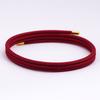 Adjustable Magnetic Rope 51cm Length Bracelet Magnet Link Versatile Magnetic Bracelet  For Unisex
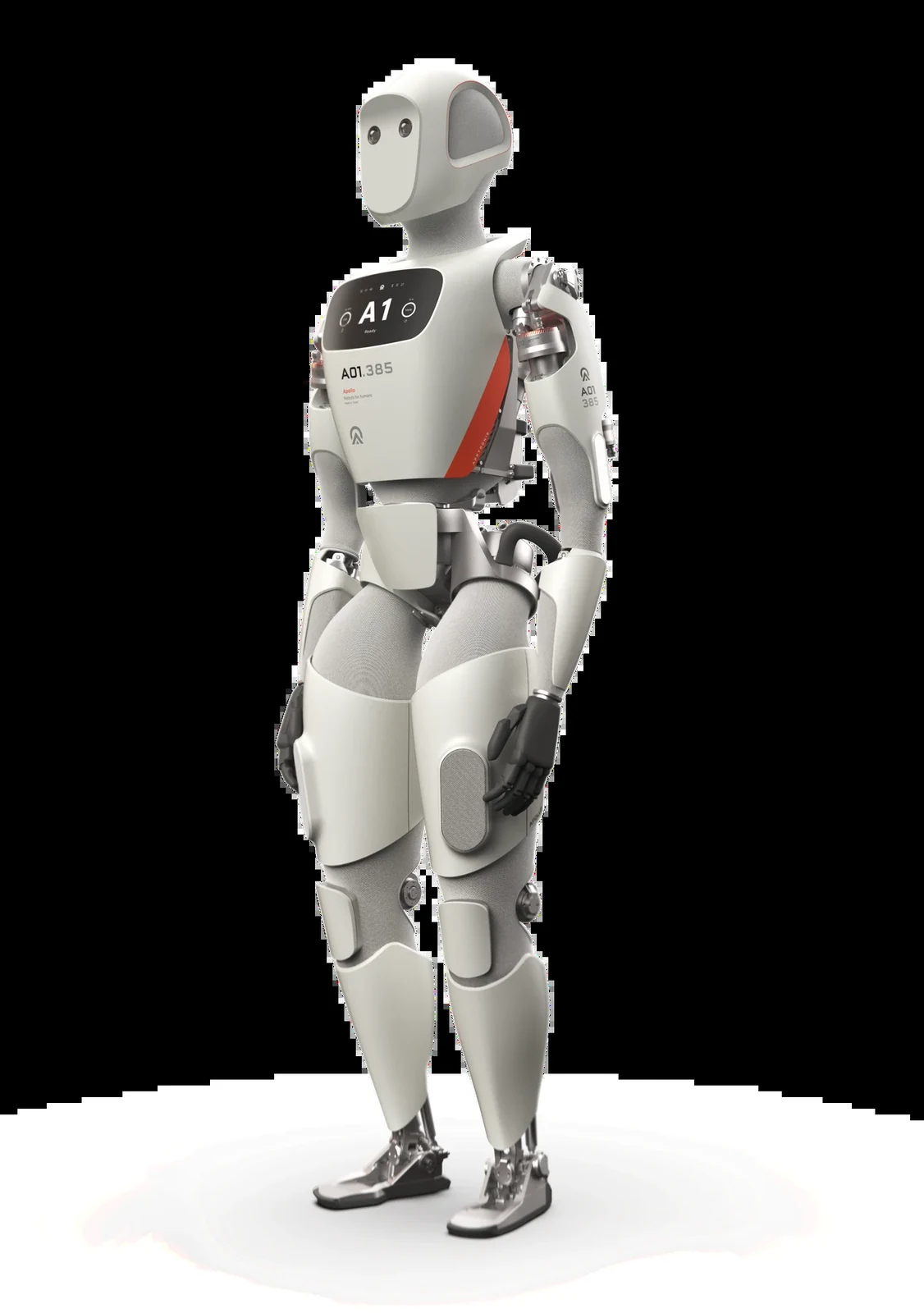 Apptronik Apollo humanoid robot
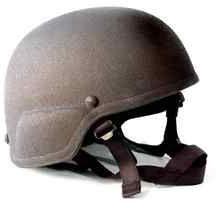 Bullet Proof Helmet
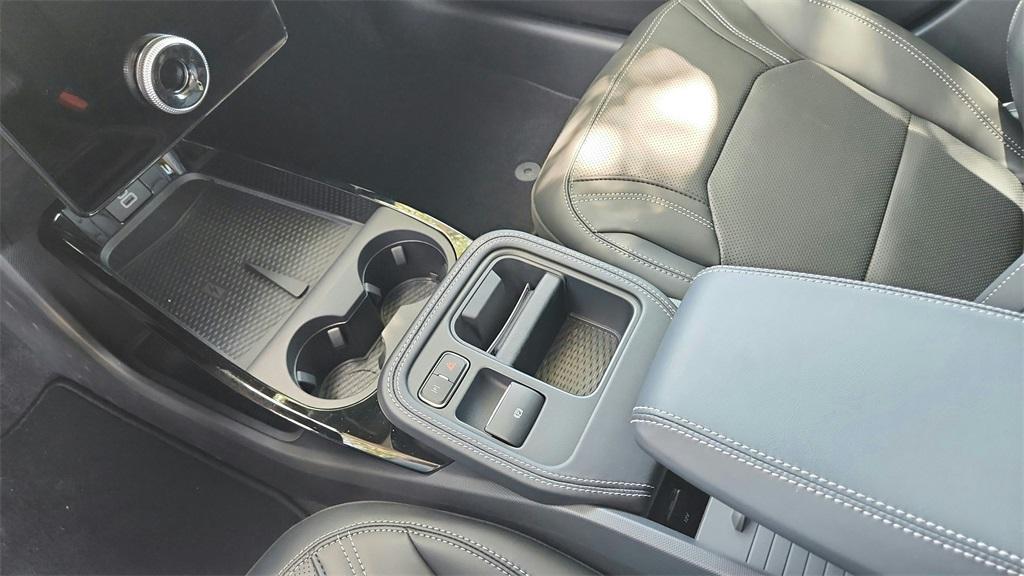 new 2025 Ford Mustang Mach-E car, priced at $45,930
————————
Starting at the line that contains "Bullet Proof Helmet", restate each line verbatim through the final line of the listing, skipping all pictures.

 Bullet Proof Helmet
 new 2025 Ford Mustang Mach-E car, priced at $45,930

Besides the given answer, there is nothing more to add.